> **Your objective**
An exact copy of the listing below is needed, with no pictures in it.

> **Supplied data**
┌──

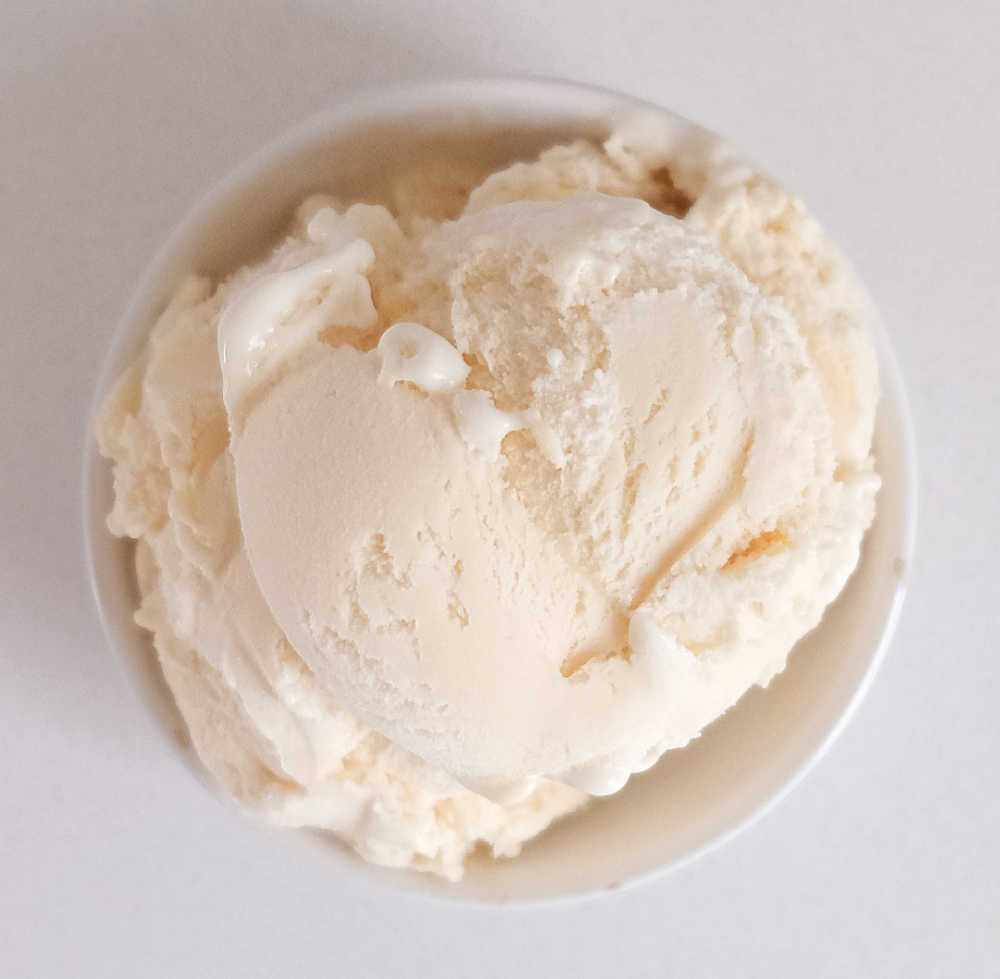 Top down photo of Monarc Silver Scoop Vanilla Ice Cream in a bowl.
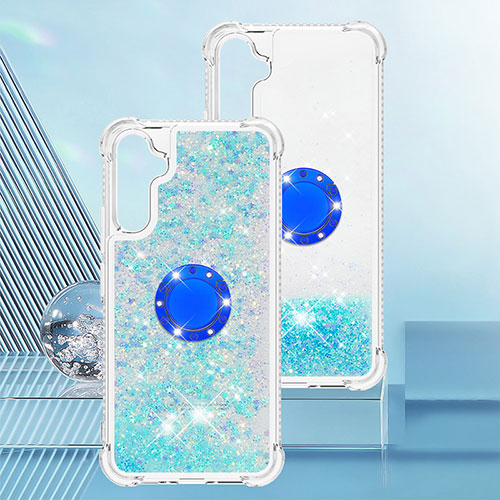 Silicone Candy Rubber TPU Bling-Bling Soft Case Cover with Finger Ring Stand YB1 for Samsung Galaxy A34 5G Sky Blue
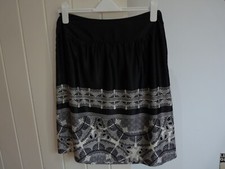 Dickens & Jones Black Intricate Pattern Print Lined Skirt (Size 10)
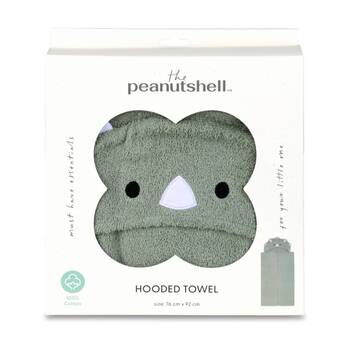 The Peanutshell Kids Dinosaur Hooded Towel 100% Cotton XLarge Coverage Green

└──

> **Answer area**
 Top down photo of Monarc Silver Scoop Vanilla Ice Cream in a bowl.
 Silicone Candy Rubber TPU Bling-Bling Soft Case Cover with Finger Ring Stand YB1 for Samsung Galaxy A34 5G Sky Blue
 Dickens & Jones Black Intricate Pattern Print Lined Skirt (Size 10)
 The Peanutshell Kids Dinosaur Hooded Towel 100% Cotton XLarge Coverage Green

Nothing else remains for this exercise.